Spot the defect (2/2): Custom Pipeline Component Sample "FixMsg" can fail without any apparent reason

Part 1 Part 2

In part 1 , I pointed out that the FixMsg sample has some issues. I am sure you all understood what is wrong.

What is wrong?

When Read() is called the first time with count = 10, the code did not yet run. We determine that we need to read 10 bytes (byteRead = 10) and we copy the data to the output buffer:

  {

     bytesRead = count > prependData.Length ? prependData.Length : count;

     Array.Copy(prependData, prependDataOffset, buffer, offset, bytesRead);

     if (bytesRead==prependData.Length)

       prependData = null; // prependData consumed

                       

     prependDataOffset += bytesRead;

     offset += bytesRead;

The following line then sets count to 0:


count -= bytesRead;

     ret += bytesRead;

  }

We attempt to read 0 byte from the original stream, which triggers an exception:

  bytesRead = stm.Read(buffer, offset, count); <-- Attempts to read 0 byte

So the current implementation assumes that the first read will fully consume the prependData buffer and there will be room in the output buffer for at least one byte coming from the original message.

How can we fix it?

The fix involves figuring out how much is left to read in prependData and making sure that always fill out the buffer and not much. We cannot assume any buffer size so we have to honor the request no matter what.

The following code snippet implements one possible way to fix this. It does not consider the appendData part. Only the prependData is dealt with. It is left as an exercise to the reader to implement the append part.

override public int Read(byte[] buffer, int offset, int count)

{

   int ret = 0;

   int bytesRead = 0;

   // Do we have data to prepend?

   if (prependData != null)

   {

      // Compute how much prepend data is left

      int availablePrependData = prependData.Length - prependDataOffset;

      bytesRead = count > availablePrependData ? availablePrependData : count;

      Array.Copy(prependData, prependDataOffset, buffer, offset, bytesRead);

      prependDataOffset += bytesRead;

      offset += bytesRead;

      count -= bytesRead;

      ret += bytesRead;

      // Did we consume all prepend data?

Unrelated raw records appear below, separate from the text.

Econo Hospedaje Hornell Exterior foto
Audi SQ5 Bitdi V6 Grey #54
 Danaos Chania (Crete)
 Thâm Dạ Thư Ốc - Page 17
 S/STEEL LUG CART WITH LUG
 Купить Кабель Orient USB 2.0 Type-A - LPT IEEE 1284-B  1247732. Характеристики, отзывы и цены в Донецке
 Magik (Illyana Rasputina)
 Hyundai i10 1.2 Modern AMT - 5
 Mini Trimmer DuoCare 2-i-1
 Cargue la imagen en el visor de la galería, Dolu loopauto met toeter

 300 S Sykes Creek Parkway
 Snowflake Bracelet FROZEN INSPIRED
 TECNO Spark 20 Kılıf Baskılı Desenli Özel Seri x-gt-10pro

      if (prependDataOffset >= prependData.Length)

              prependData = null;

   }

   // Did we fill the buffer with prepend data?

   if (count > 0)

   {

      bytesRead = stm.Read(buffer, offset, count);

      ret += bytesRead;

   }

   return ret;

}

Note that size calculations are performed with signed integers so integer arithmetic overflow is possible. Fixing this is left as an exercise to the reader.

Why is the sample so complex?

In my previous post , Patrick asks why the "FixMsg" sample is so complicated and also suggests the following pseudo-code:

stream a···= BodyPart.GetOriginalDataStream
stream b···= converttostream(prependdata)
stream c···= converttostream(appenddata)
stream new·= nothing

write new b
write new a
write new c

OutBodyPart.Data = new

This code creates a new stream, populates it with prependData then copies the original message and the adds appendData. The new stream is then returned to BizTalk for further processing.

From a logical point of view, this code does the job. It modifies the stream the way we expect it to be. However, in production, this code should be avoided. Let's analyze the performance of this code.

Every time a new message comes in, Patrick's code creates a new stream and fully populates it. This means that the code forces the messaging engine to fully read the incoming message and copy it into some in-memory stream. If the message is large, we just allocated a large amount of memory which we do not really need (at least for this example).

Also, depending at which stage your custom component is running, you might not need to read the whole document. Maybe your component is in a pipeline right before a disassembler that only needs the first 2Kb of data and discards everything else. In that case, you allocated resources that you will never use. Moreover, you payed for the full initialization of a data structure that you did not need: reading the full stream may be expensive.

There is at least another thing you should consider. The messaging engine exposes messages as streams because in theory, streams do not need to be fully populated when you read from them. Let's assume I have a 40Mb message. The messaging engine can just offer a stream object that knows the current position in the data and the location to read from. This consumes a very very small amount of memory and delays expensive operations (reading the actual data) as lon as possible. If your component reads chunks of 4Kb, only 4Kb are actually being allocated (by your component) and if you tune the buffer carefully, you can achieve impressive throughput.

This is why the sample does not create a temporary stream. It attempts to demonstrate a best practice: you should avoid building a fully populated stream as much as possible for performance reasons. The sample maintains three "data sources" and reads from them, switching from one to the other when hitting End Of File. This way, the allocated memory is very small, we do not force the messaging engine to reads the message and we move only the requested amount of data.

Of course, for a proof of concept or quick prototyping, you can implement a component by creating a temporary stream and fully populate it. However, if you are attempting to prove that you can handle load, I suggest switching from streams as the sample does instead.